• **Work task**
Each entry in the block below needs to be copied out exactly.
--- Material provided Enclosed Below ---
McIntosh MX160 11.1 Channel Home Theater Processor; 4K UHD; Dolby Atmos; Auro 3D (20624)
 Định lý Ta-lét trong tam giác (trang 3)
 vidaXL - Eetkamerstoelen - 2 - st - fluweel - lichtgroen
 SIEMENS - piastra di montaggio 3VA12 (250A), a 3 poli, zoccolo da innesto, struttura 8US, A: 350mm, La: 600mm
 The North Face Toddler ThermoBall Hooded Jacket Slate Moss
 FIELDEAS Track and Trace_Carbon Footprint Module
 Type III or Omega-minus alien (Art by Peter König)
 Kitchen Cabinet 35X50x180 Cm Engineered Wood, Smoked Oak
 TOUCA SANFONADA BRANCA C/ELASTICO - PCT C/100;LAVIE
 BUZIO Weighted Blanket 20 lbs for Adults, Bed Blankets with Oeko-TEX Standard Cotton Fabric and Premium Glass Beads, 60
--- End of Enclosed Material provided ---
• **Answer section**
McIntosh MX160 11.1 Channel Home Theater Processor; 4K UHD; Dolby Atmos; Auro 3D (20624)
 Định lý Ta-lét trong tam giác (trang 3)
 vidaXL - Eetkamerstoelen - 2 - st - fluweel - lichtgroen
 SIEMENS - piastra di montaggio 3VA12 (250A), a 3 poli, zoccolo da innesto, struttura 8US, A: 350mm, La: 600mm
 The North Face Toddler ThermoBall Hooded Jacket Slate Moss
 FIELDEAS Track and Trace_Carbon Footprint Module
 Type III or Omega-minus alien (Art by Peter König)
 Kitchen Cabinet 35X50x180 Cm Engineered Wood, Smoked Oak
 TOUCA SANFONADA BRANCA C/ELASTICO - PCT C/100;LAVIE
 BUZIO Weighted Blanket 20 lbs for Adults, Bed Blankets with Oeko-TEX Standard Cotton Fabric and Premium Glass Beads, 60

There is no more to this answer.